411 - XLIF vs. MAS TLIF for the Treatment of Degenerative Spondylolisthesis:...

#411 XLIF vs. MAS TLIF for the Treatment of Degenerative Spondylolisthesis: Perioperative Clinical Outcomes from a Prospective Multi-Center Randomized Study

Lumbar Therapies and Outcomes

Poster Presented by: J. Sembrano


R. Isaacs (1)
J. Sembrano (2)
F. Zahrawi (3)

(1) Duke University, Durham, NC, USA
(2) University of Minnesota, Minneapolis, MN, USA
(3) Celebration Minimally Invasive Spine Institute, Celebration, FL, USA


Introduction: The aim of this prospective, multicenter, institutional review-board approved study is to compare indirect anterior decompression via XLIF and direct posterior decompression via TLIF for the treatment of low-grade spondylolisthesis with a specific interest in clinical and radiographic outcomes. As this study is currently enrolling, this abstract serves as an interim report of the early (3 month) outcomes.

Methods: Adult patients with Grade I or II degenerative spondylolisthesis at one or two lumbar levels were treated with either MAS TLIF or XLIF. Motor/sensory evaluations were conducted by the treating physician.

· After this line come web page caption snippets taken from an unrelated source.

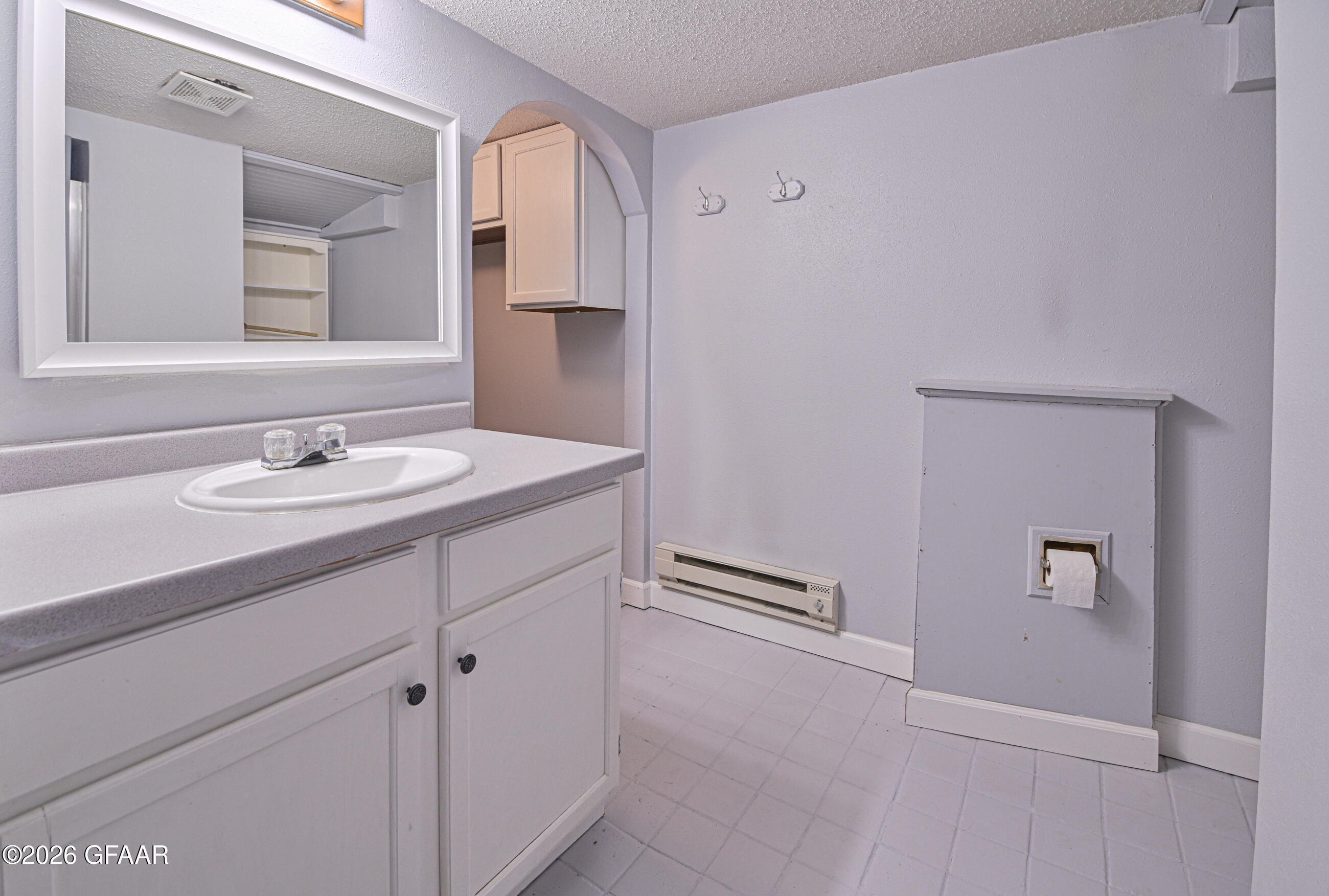 2019 5TH Avenue N
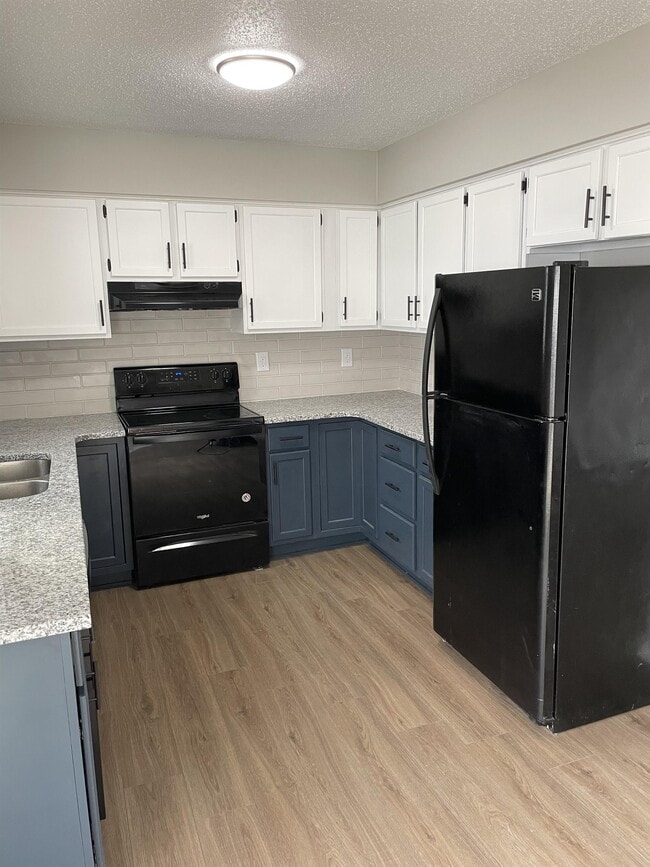 Photo - 817 SE Hackley Ave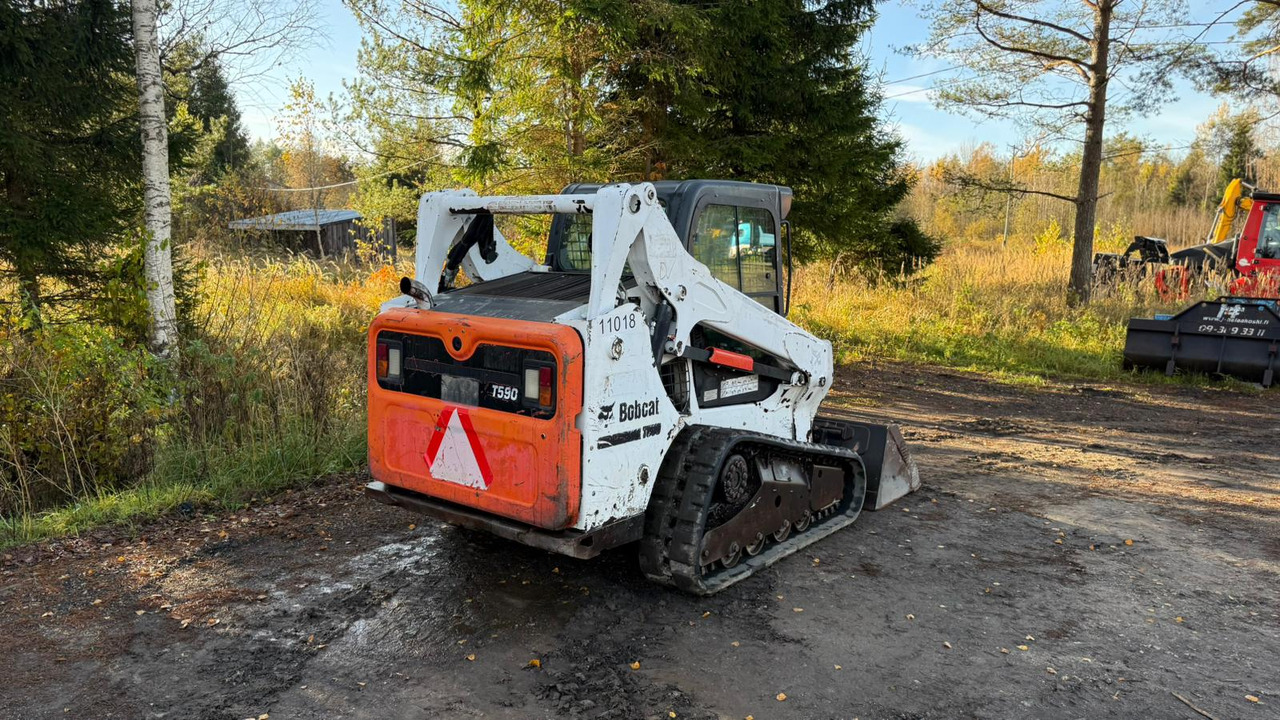 Bobcat T590 - Мини челен товарач: снимка 4 Bobcat T590 - Мини челен товарач: снимка 4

Patient reported outcomes include VAS, ODI, and satisfaction. Radiographic measures including average disc height, spondylolisthesis, disc angle, foraminal height, and lumbar lordosis were collected using pre- and 3-month radiographs.

Results: At the time of analysis 34 patients (18 XLIF, 16 TLIF) had completed 3-month follow-up. Motor/sensory evaluation by the treating physician revealed hip flexion weakness at the peri-op visit in 38% of XLIF patients and 0% in TLIF patients. Additional distal (i.e., lower extremity) weakness was detected in 1 XLIF patient. There was 1 (7%) incident of distal motor weakness in the TLIF group that presented at 6 weeks and resolved by 3 months. All but one incidence of XLIF hip flexion weakness had resolved by 3 months with the incidence of distal weakness persisting. There was an 18% incidence of new sensory deficit in XLIF after surgery with 12% persistent at 12 weeks. In TLIF there was a 13% incidence of new postoperative sensory deficit which increased to 20% at 12 weeks. There were no differences between VAS-Back, VAS-Leg, or ODI scores at any time point.

XLIF resulted in greater increase in segmental disc angle and lumbar lordosis. Increase in disc height, foraminal height and reduction of spondylolisthesis were similar between treatment groups.

Conclusion: XLIF appears to result in similar perioperative patient-reported symptoms and measured lower-extremity deficits, and a higher incidence of perioperative hip flexion weakness that resolves by 3 months when compared to TLIF. Patient-reported pain, function, and satisfaction are comparable between groups. XLIF may result in greater foraminal dimensions compared to TLIF. Due to the small initial sample size of this ongoing study, statistical differences are not yet apparent. Continued study enrollment and longer follow-up are required to make stronger comparisons between procedures for the treatment of low-grade degenerative spondylolisthesis.